(Captioned web image data)
::::

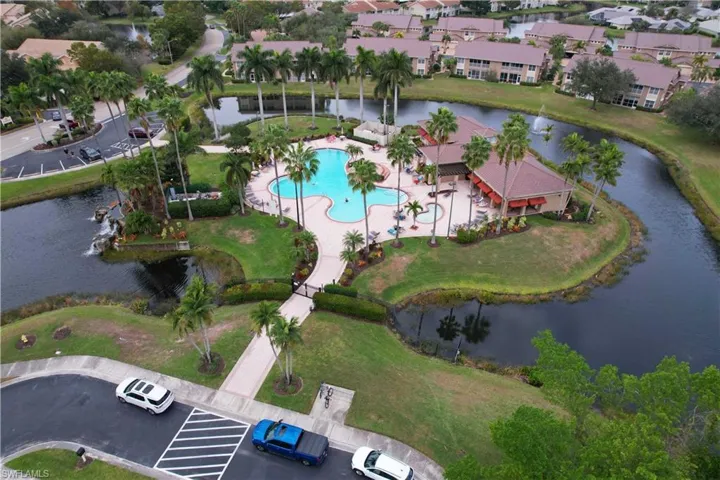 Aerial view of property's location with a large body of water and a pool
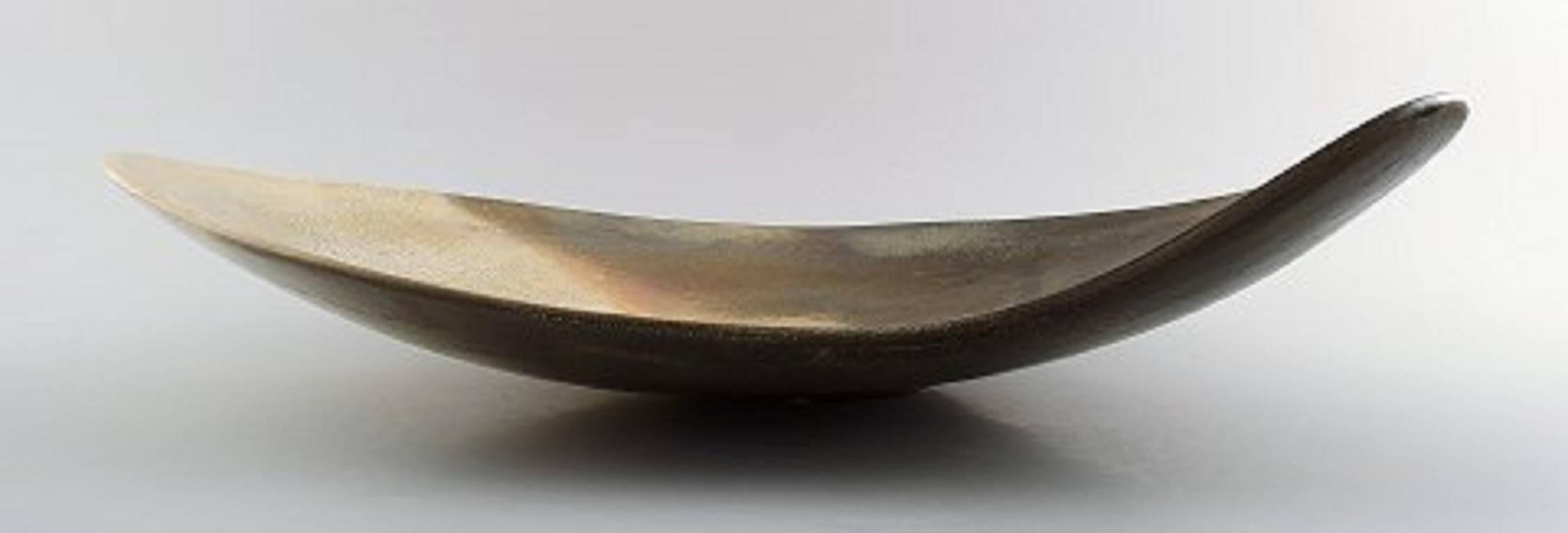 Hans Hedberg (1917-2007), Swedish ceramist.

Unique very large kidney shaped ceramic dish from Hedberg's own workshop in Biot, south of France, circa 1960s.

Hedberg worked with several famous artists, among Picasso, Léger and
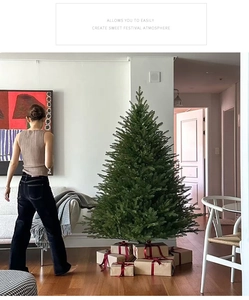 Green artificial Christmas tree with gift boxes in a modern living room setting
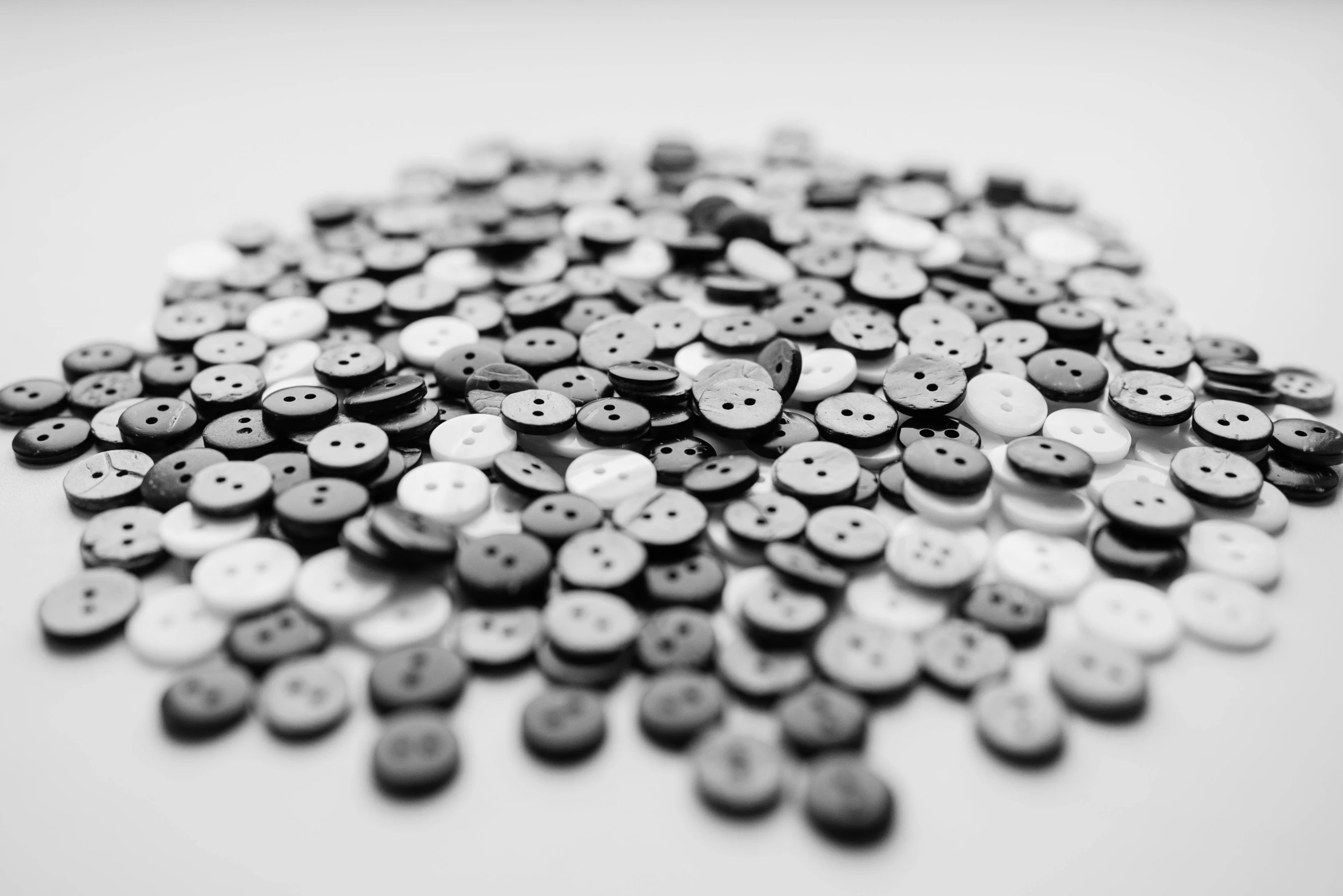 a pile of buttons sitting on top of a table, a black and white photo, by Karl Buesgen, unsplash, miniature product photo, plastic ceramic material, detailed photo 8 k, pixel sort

::::

Word for word, reproduce all of the entries above and omit the pictures.

> Reply
 Aerial view of property's location with a large body of water and a pool
 Hans Hedberg (1917-2007), Swedish ceramist.

Unique very large kidney shaped ceramic dish from Hedberg's own workshop in Biot, south of France, circa 1960s.

Hedberg worked with several famous artists, among Picasso, Léger and
 Green artificial Christmas tree with gift boxes in a modern living room setting
 a pile of buttons sitting on top of a table, a black and white photo, by Karl Buesgen, unsplash, miniature product photo, plastic ceramic material, detailed photo 8 k, pixel sort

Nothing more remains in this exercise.